Ich habe das Gefühl, er denkt über irgend etwas nach. Täuscht uns, um im nächsten Moment den Versuch des Aufstehens zu wagen. Ich gerate innerlich in Panik, weil ich weiß, daß ich die Situation nicht beherrsche. Wieso nimmt er seinen Fuß nicht hoch und warum spricht er nicht, wenn ich ihn was frage? Da sitzen wir beide sprachlos neben einander. Quälend lange, bis ich es nicht mehr aushalte. Ich will mit ihm zurück auf das Zimmer, so schnell wie möglich. Trotz des offensichtlich schlechten Zustands meines Vaters drängen sich Leute vor uns in den Aufzug. Wir warten bis ein leerer Aufzug kommt. Ich fahre Egon bis neben das Bett. Nun brauche ich die Schwester wieder. Im Schwesternzimmer sage ich ihr, das Vater sich über seinen Katheder beschwert hat. Sie erwidert daraufhin nur lakonisch, daß mein Vater inkontinent sei und es nicht merke, wenn er müsse. Angesprochen auf seine angebliche Aggressivität, sagt sie nur, das sei bei alten Leuten hier normal, das komme öfter vor. Wiederum schafft sie es allein, meinen Vater ins Bett zu setzen und zu legen. Er fällt erleichtert nach hinten und muß noch ein Stück hoch gezogen werden.

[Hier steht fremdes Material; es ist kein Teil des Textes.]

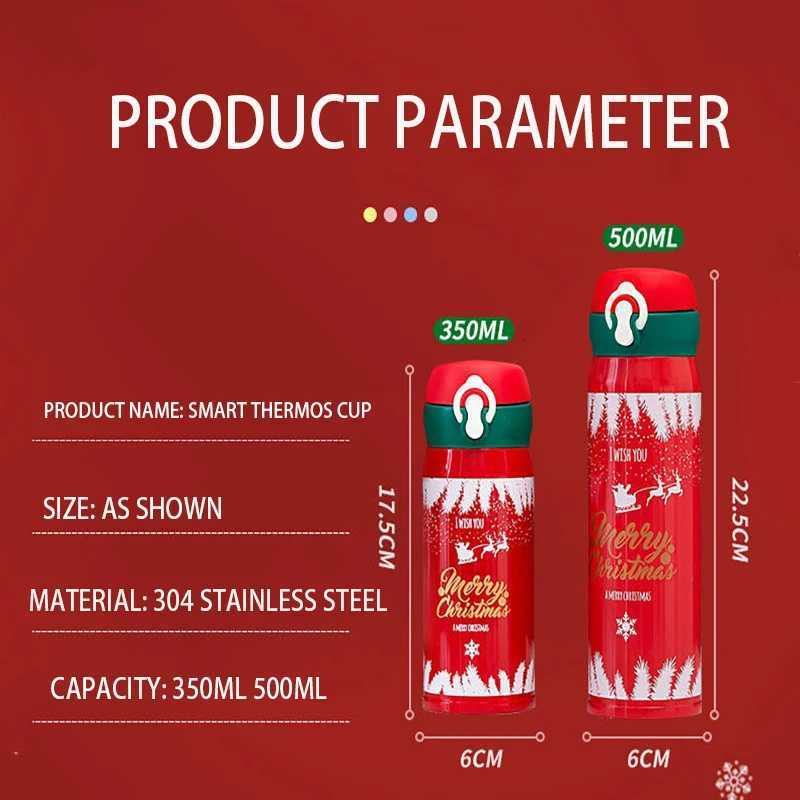 Christmas 304 stainless steel Christmas and New Year gift spring thermos cup male and female students creative water cup net red simple cu Y251112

Das ist schwer. Immerhin spricht er nun wieder. Redet über eine kleine Wohnung mit Küche, ein Zimmer vielleicht, scheint sich doch mit einer Veränderung anzufreunden. Bemerkt, dass es nun für mich nicht mehr so weit sei. Ich erkläre ihm den Fernseher, den er hier für sich allein hat. Zeige ihm den Nachtisch, der noch ungeöffnet da steht. Es sieht so aus, als nähme er das alles erst jetzt zur Kenntnis. Nachdem wir die Wäsche kontrolliert haben, es ist Schmutzwäsche darunter, und seine sonstige persönliche Habe auch da ist, scheint erst mal wieder alles im Lot. (Die Bilder wurden nicht geschnitten, die Fingernägel wenigstens.) Die Schmutzwäsche nehmen wir mit, hier wird er nun wieder auch was brauchen. Vielleicht sollte ich in der Woche mal hinfahren, sonst wird es knapp. Mir wird allmählich klar, dass durch die Verlegung ich der einzige Anker bin, den Egon in einer ihm fremden Welt noch hat. Nachdem ich die Position des Kopfteils für ihn eingerichtet habe, legt er sich nach der Verabschiedung auf die Seite. Den Fernseher habe ich eingestellt, vielleicht schaut er ein bißchen. Er ist zu schwach für längere Gespräche.
Wie immer ist an den Wochenenden kein Arzt zu sprechen. Ich kenne den Namen der Ärztin hier, aber was nutzt das, sie hat keinen Dienst.